··· Supplied records
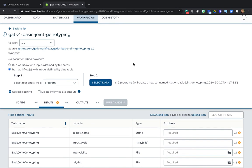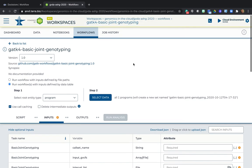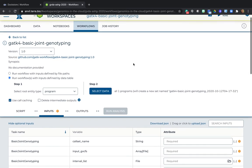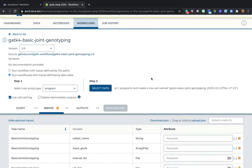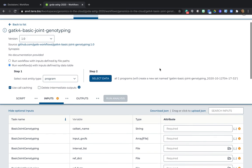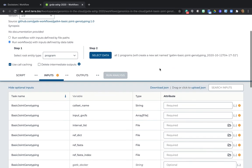So at this point, you have the workflow that's been imported into your workspace. You can't actually run it yet because you still need to configure it, meaning you need to specify what data it should run on, specify some parameters and so on. And that is what we'll cover in the next tutorial.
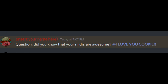And Lexton asked did you know that your minis are awesome? Aww, thanks! Yeah, I think I did a pretty good job at making this midi.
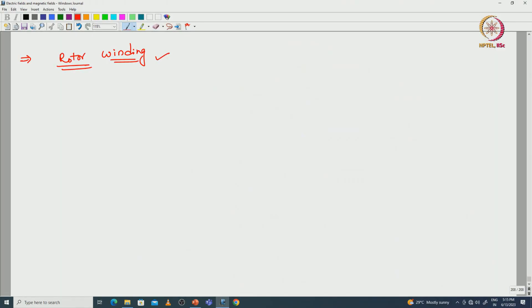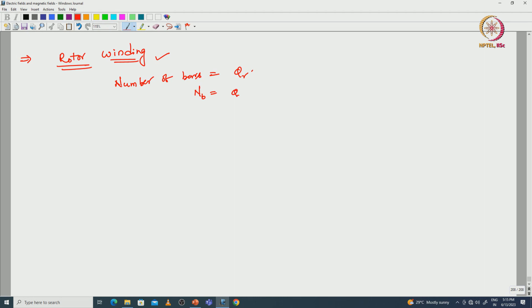We will start with the rotor winding. First, we will find the number of bars. The number of bars is equal to the number of rotor slots: NB equals QR. Then we will calculate the bar current.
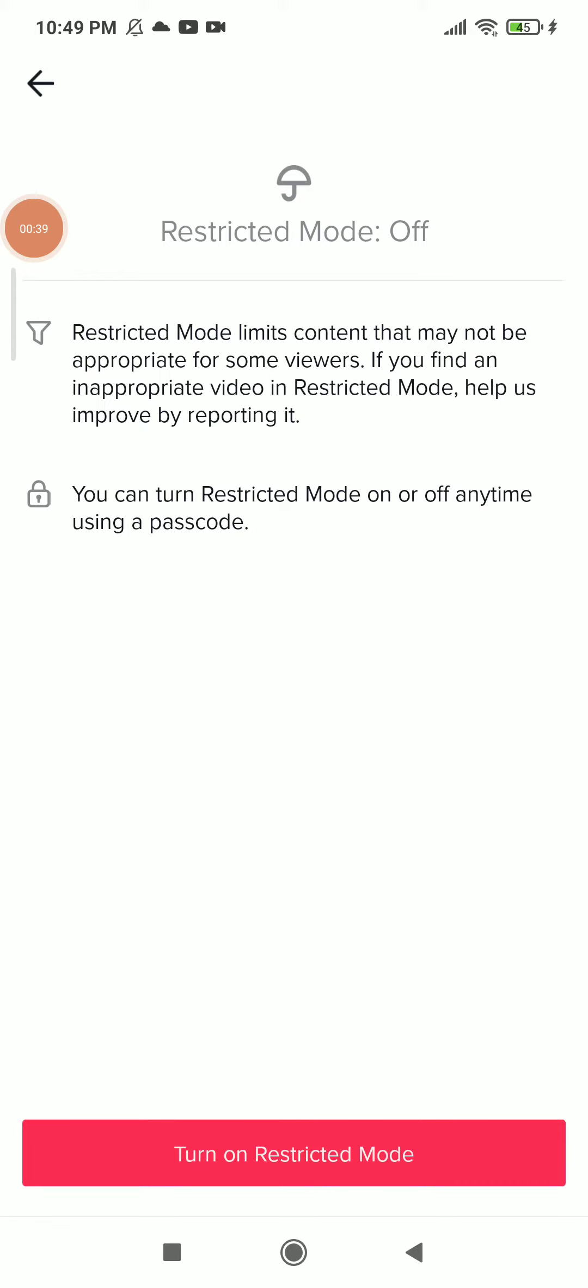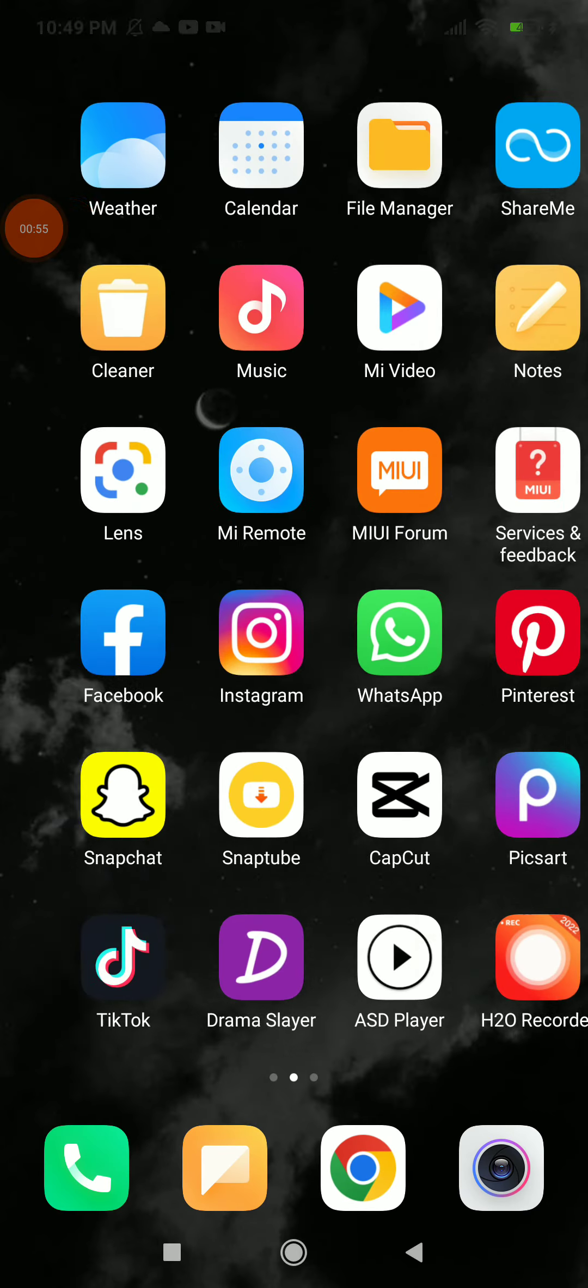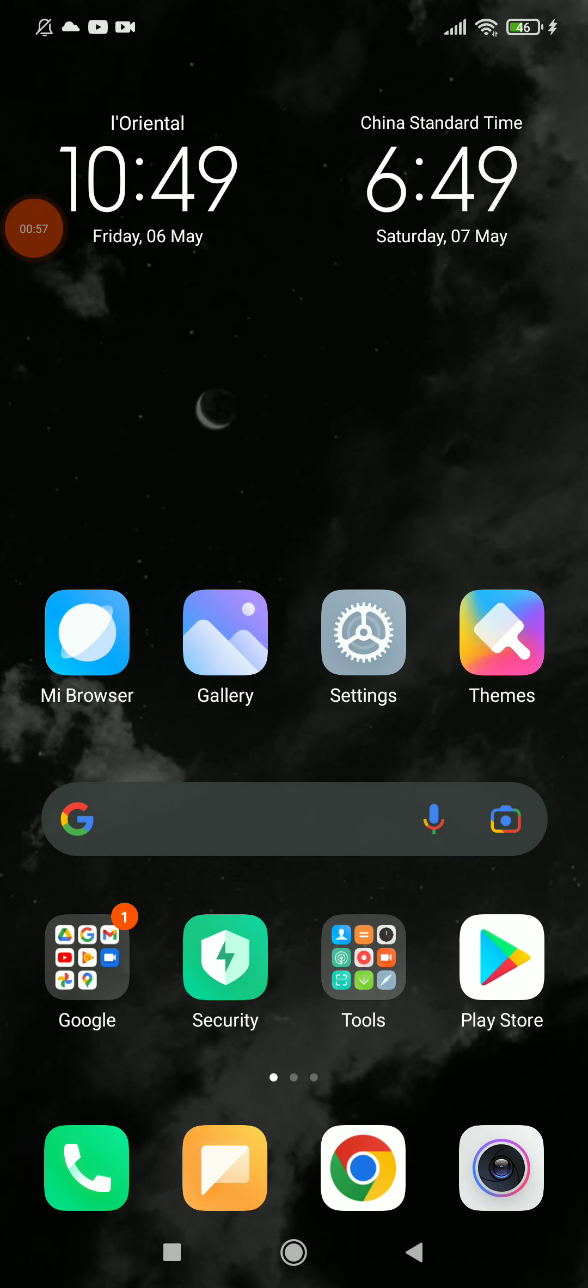Turn on Restricted Mode to limit content that may not be appropriate for some viewers. If you find inappropriate video in Restricted Mode, you can send a report to TikTok. And this is it, so easy and quick.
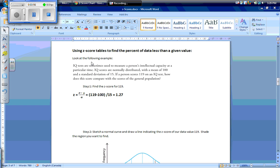Now let's look at using z-score tables to find the percent of data less than a given value. IQ tests are sometimes used to measure a person's intellectual capacity. IQ scores are normally distributed with a mean of 100 and a standard deviation of 15. If somebody scored 119 on an IQ test, how does this score compare with the scores of the general population? Our first step is to find our z-score for 119 using our formula: z equals x minus the mean divided by the standard deviation, which gives us 119 minus 100, divided by 15, which equals 1.27.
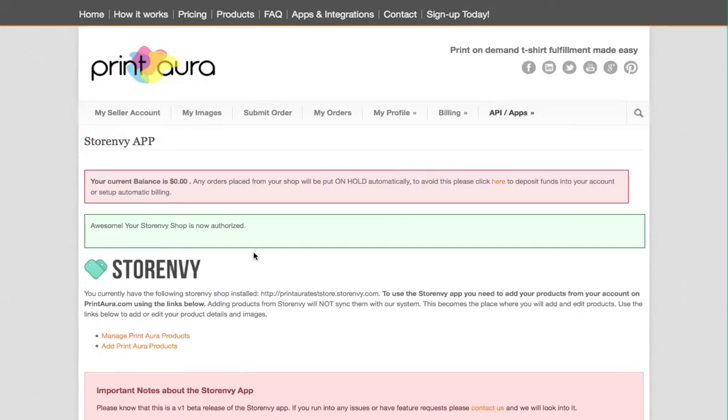And you're done. Now your Store Envy shop is authorized and you can start adding products to Print Aura. We'll do that in a separate video.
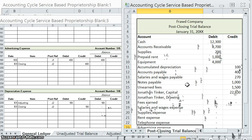That is the full accounting cycle. It does take a lot of practice. Keep in mind, this is the accounting cycle for a service-based company, individually owned — so it is a proprietorship. Make sure you are practicing these items. We have blank sheets on the website and this Excel spreadsheet as well, whether you're an instructor, a student, or someone re-practicing before returning to an accounting course.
······
What this task involves: Up to and including the line containing "And you're done.", quote each line of the entries above from the very first, please, exactly and without images.

Reply:
So at this point, you have the workflow that's been imported into your workspace. You can't actually run it yet because you still need to configure it, meaning you need to specify what data it should run on, specify some parameters and so on. And that is what we'll cover in the next tutorial.
And Lexton asked did you know that your minis are awesome? Aww, thanks! Yeah, I think I did a pretty good job at making this midi.
We will start with the rotor winding. First, we will find the number of bars. The number of bars is equal to the number of rotor slots: NB equals QR. Then we will calculate the bar current.
Turn on Restricted Mode to limit content that may not be appropriate for some viewers. If you find inappropriate video in Restricted Mode, you can send a report to TikTok. And this is it, so easy and quick.
Now let's look at using z-score tables to find the percent of data less than a given value. IQ tests are sometimes used to measure a person's intellectual capacity. IQ scores are normally distributed with a mean of 100 and a standard deviation of 15. If somebody scored 119 on an IQ test, how does this score compare with the scores of the general population? Our first step is to find our z-score for 119 using our formula: z equals x minus the mean divided by the standard deviation, which gives us 119 minus 100, divided by 15, which equals 1.27.
And you're done. Now your Store Envy shop is authorized and you can start adding products to Print Aura. We'll do that in a separate video.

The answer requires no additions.